Data published by the Reserve Bank shows that on average Australian merchants are likely to save more than 50 per cent on what they pay in merchant service fees by routing contactless payments via eftpos rather than existing default platforms operated by Visa and Mastercard.
It is now almost certain that Tyro will be first-to-market with the new eftpos capability, a move that acting chief executive Rob Ferguson says will generate substantial savings on acquiring fees for businesses using the company’s terminals.
“Our plan to decrease acquiring costs for debit contactless payments through the eftpos network will be seamless for merchants, easy to enable and there will be no extra fees,” he said.
“This initiative is a win for our customers.”
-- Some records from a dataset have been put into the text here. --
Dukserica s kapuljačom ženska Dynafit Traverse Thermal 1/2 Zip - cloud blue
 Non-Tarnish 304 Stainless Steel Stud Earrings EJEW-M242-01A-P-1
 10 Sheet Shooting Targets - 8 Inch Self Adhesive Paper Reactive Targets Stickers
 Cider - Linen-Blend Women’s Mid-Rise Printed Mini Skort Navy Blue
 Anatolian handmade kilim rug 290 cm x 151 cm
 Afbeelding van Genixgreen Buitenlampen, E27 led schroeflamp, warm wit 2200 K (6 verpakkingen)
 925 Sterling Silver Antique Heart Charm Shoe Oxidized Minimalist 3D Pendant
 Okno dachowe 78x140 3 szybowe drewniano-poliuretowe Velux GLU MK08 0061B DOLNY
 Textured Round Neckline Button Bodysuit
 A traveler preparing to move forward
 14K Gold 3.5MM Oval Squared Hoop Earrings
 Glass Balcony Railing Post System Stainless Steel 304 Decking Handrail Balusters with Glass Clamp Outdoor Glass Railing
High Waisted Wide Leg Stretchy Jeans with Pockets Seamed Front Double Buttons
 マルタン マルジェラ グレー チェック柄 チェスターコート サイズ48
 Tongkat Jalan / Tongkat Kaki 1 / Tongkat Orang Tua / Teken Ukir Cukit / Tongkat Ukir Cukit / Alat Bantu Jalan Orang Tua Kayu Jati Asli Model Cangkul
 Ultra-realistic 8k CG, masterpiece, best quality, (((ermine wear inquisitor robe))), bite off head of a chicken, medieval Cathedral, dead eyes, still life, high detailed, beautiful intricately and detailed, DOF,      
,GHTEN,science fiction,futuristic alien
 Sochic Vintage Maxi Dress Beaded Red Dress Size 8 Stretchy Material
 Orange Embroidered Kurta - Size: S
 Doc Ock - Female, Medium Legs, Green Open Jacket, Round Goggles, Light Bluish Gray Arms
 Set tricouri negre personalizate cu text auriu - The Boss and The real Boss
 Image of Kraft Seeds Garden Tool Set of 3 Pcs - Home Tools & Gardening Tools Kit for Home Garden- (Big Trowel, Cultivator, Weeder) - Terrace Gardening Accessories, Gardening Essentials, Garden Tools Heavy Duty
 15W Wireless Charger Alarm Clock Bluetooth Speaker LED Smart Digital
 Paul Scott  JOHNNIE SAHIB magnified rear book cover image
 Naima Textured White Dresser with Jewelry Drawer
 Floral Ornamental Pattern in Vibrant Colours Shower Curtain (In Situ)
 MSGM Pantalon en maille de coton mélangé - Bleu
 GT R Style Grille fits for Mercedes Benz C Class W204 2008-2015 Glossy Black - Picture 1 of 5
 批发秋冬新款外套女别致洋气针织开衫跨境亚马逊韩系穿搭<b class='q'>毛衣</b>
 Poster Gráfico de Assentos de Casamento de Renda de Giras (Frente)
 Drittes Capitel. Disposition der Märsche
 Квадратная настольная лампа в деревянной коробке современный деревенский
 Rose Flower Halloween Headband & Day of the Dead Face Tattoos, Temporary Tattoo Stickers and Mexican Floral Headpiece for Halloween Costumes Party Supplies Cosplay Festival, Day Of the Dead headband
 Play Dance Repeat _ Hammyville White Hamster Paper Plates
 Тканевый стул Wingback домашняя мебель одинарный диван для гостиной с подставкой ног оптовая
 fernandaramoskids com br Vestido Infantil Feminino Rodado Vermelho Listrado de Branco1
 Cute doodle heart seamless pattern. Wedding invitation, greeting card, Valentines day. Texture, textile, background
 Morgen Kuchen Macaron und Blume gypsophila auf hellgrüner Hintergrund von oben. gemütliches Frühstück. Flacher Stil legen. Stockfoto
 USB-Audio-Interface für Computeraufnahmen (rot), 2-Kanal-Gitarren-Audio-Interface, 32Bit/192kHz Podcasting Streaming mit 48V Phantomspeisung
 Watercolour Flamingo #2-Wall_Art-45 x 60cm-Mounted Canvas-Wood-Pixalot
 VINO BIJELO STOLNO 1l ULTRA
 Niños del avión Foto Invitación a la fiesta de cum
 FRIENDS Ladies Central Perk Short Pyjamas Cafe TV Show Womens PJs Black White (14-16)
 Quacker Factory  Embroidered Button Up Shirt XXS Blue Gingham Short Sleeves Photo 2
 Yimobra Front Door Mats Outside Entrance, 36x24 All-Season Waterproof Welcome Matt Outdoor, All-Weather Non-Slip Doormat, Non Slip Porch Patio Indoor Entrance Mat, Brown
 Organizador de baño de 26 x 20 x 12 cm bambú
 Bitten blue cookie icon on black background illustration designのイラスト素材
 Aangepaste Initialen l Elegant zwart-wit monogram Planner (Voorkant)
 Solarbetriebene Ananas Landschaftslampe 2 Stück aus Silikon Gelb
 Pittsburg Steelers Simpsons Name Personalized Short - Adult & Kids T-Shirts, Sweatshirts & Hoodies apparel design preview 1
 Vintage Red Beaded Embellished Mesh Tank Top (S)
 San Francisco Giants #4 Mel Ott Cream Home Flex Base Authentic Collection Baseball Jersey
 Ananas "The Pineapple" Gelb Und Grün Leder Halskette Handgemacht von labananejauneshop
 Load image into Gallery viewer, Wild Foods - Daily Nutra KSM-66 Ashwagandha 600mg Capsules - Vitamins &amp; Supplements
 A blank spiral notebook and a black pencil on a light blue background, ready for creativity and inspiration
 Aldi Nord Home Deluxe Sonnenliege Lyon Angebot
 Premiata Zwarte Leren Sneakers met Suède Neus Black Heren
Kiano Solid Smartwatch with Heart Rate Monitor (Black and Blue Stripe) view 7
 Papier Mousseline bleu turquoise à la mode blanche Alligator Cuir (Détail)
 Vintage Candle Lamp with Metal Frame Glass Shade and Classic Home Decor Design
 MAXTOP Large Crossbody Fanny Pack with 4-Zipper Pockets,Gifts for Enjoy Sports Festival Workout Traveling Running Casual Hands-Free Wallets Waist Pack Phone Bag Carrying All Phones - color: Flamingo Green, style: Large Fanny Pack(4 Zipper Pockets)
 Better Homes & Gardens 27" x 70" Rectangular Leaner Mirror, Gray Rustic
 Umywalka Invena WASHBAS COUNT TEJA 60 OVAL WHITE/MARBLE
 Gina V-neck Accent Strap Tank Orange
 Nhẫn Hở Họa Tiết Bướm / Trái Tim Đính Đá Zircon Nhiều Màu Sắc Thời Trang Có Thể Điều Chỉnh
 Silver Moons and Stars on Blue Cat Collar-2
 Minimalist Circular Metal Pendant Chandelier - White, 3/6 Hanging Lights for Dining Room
Several features of the Tyro announcement could influence the Reserve Bank’s jawboning of the major banks into complying with its call to opening the point of sale terminals to least-cost routing.
The first was the involvement of the Australian Retailers Association’s executive director, Russell Zimmerman, in the official launch of Tyro’s adoption of contactless eftpos.
If payments executives at the major banks still harboured views that retailers were complacent about the fees levied on contactless transactions routed through Mastercard and Visa, then Zimmerman probably dispelled them.
“eftpos is a low-cost payment routing option for merchants and we are pleased to hear Tyro is working to implement least-cost routing,” he said in a press release issued by Tyro.
“The ability to route transactions via the eftpos network instead of the current Visa and Mastercard schemes will save merchants significant costs instead of hitting their bottom lines.”
Another feature of the Tyro move likely to garner the attention of RBA payments reformers is the company’s assertion that technical challenges associated with the introduction of eftpos capability might not be as onerous as some of the large banks have indicated.
To appease concerns among retail industry leaders about the time it might take to upgrade their terminals, banks such as Commonwealth Bank probably need to explain why their rollouts of new eftpos capability are likely to be “complex”.
Awareness of the benefits of widening competition in the contactless market is growing among leaders of retail groups representing small merchants.
Jos de Bruin, the chief executive of Master Grocers Australia, said his organisation was advising members to actively engage with banks on the issue.
“Contactless payments are a convenient way of paying for consumers but their phenomenal growth has also meant they are one of the fastest growing costs borne by retailers,” he said.
“We are urging our members whose bank doesn’t offer eftpos for contactless payments to ask their bank to offer it.
“We’ve told the banks that we think that supporting contactless eftpos represents a win for small businesses.”
In response to questions from Banking Day on Monday, NAB said that it was committed to providing business customers with choice so they could best manage the cost of accepting payments.
However, a NAB spokesman yesterday rejected suggestions that its strategic partnership with Visa had influenced its response to the RBA’s call for it to allow merchant customers to decide which payments network contactless transactions are routed through.
The spokesman also said that the prospect of losing fee revenue under the RBA reforms was not a factor guiding its strategic thinking.
NAB entered a ten-year strategic agreement with Visa in November 2015.
In a press statement issued at the time, NAB said the partnership with Visa would boost the bank’s access to key data and lead to more informed business decisions and better products for customers.